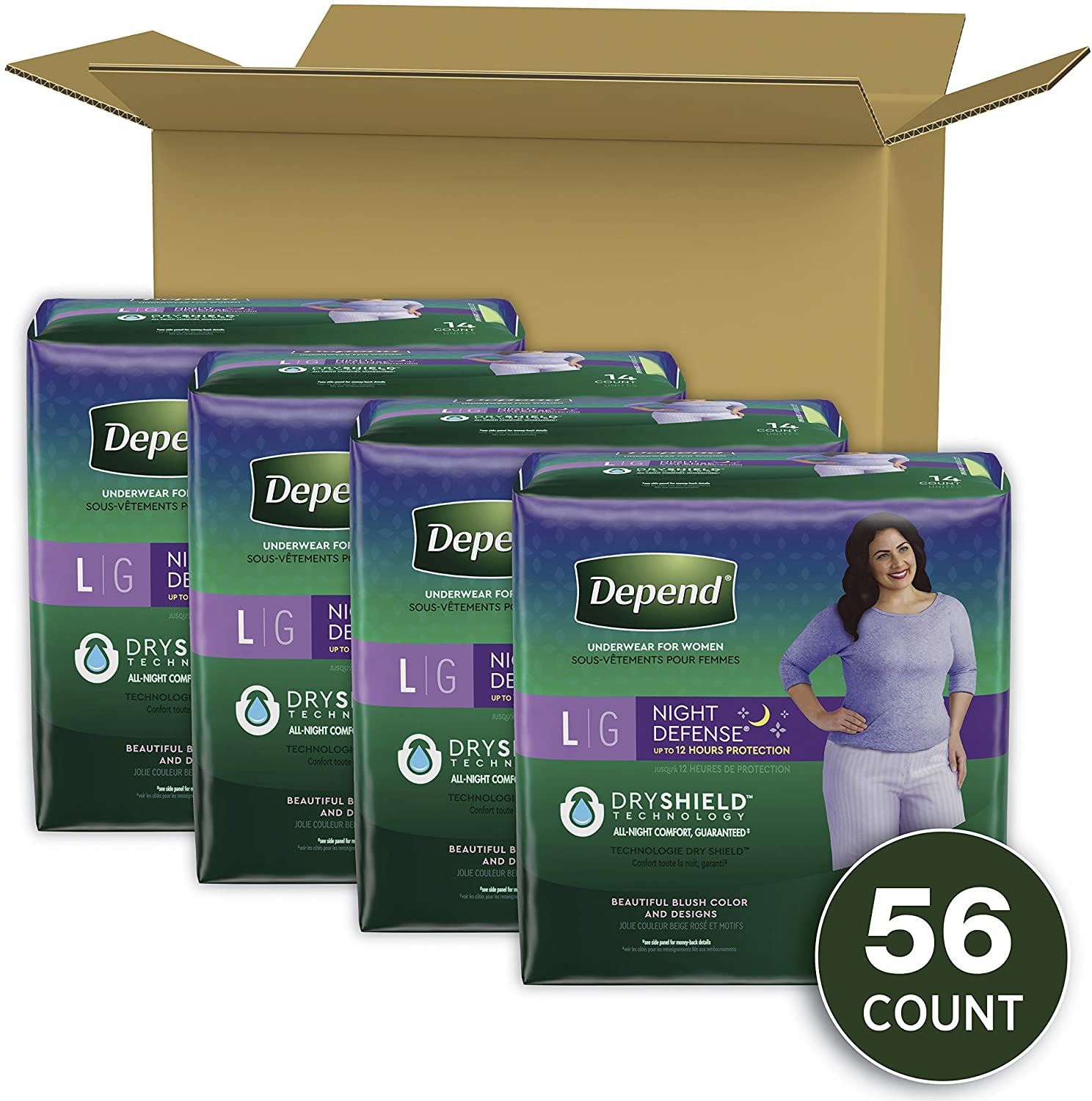 Depend® Night Defense® Underwear for Women - Overnight, Large, 56 Count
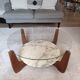 Table basse bois marbre et verre par Hugues Poignant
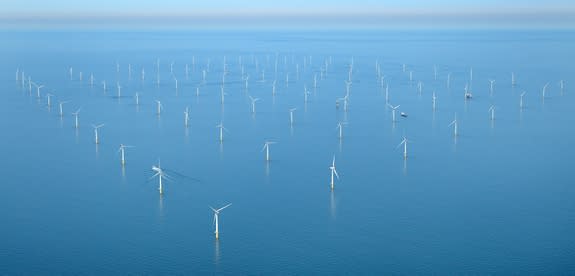 Scientists have found seals swimming within two active offshore wind farms — Alpha Ventus off the coast of Germany, and Sheringham Shoal (shown here) off the east coast of England.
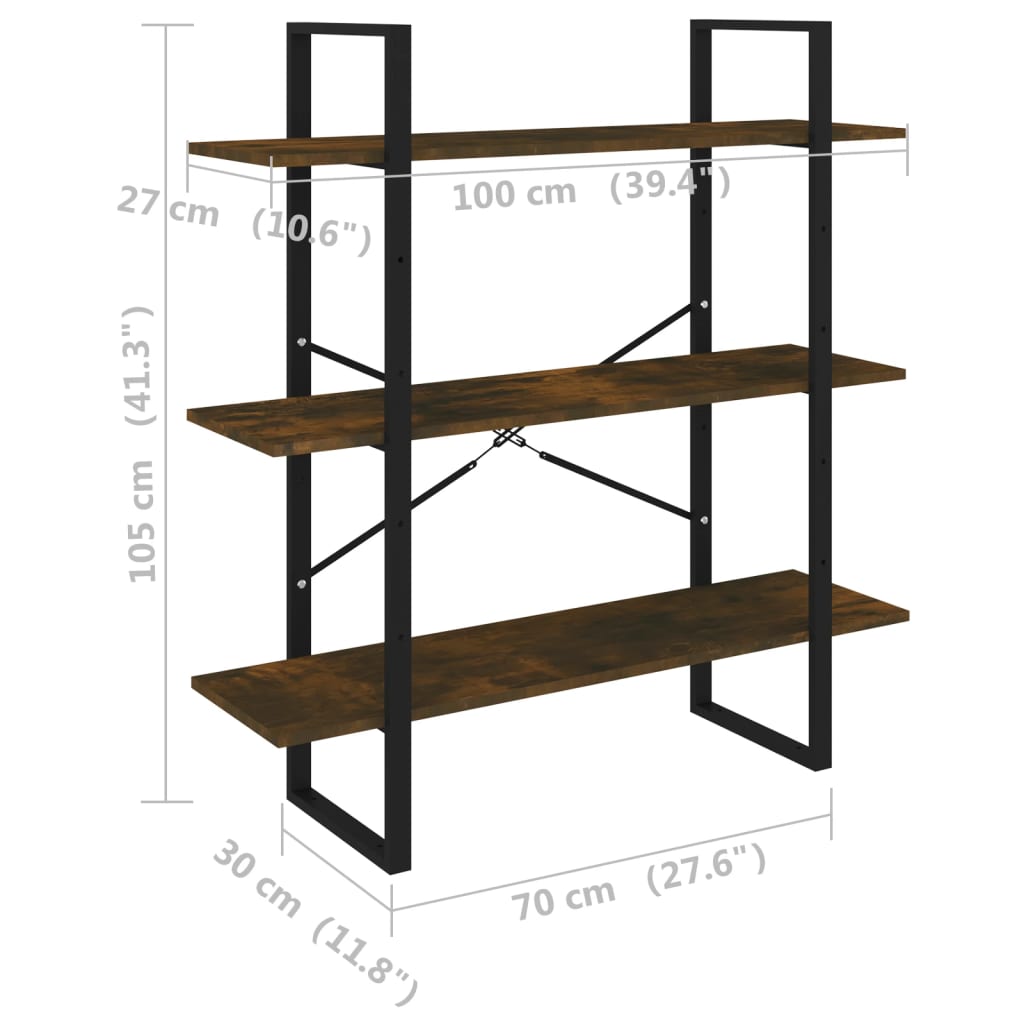 Bibliothèque chêne fumé 100x30x105 cm matière bois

########################################

Please write out the whole listing exactly, but not the pictures in it.

 Depend® Night Defense® Underwear for Women - Overnight, Large, 56 Count
 Table basse bois marbre et verre par Hugues Poignant
 Scientists have found seals swimming within two active offshore wind farms — Alpha Ventus off the coast of Germany, and Sheringham Shoal (shown here) off the east coast of England.
 Bibliothèque chêne fumé 100x30x105 cm matière bois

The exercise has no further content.